[Data segment Boundary: Start]
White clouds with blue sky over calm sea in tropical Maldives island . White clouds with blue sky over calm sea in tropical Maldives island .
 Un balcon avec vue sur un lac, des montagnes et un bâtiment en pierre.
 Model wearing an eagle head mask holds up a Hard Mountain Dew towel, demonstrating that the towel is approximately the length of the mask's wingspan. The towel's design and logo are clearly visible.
[Data segment Boundary: End]
### Task brief
Send back the whole listing, exactly as written.

### Response to the exercise
White clouds with blue sky over calm sea in tropical Maldives island . White clouds with blue sky over calm sea in tropical Maldives island .
 Un balcon avec vue sur un lac, des montagnes et un bâtiment en pierre.
 Model wearing an eagle head mask holds up a Hard Mountain Dew towel, demonstrating that the towel is approximately the length of the mask's wingspan. The towel's design and logo are clearly visible.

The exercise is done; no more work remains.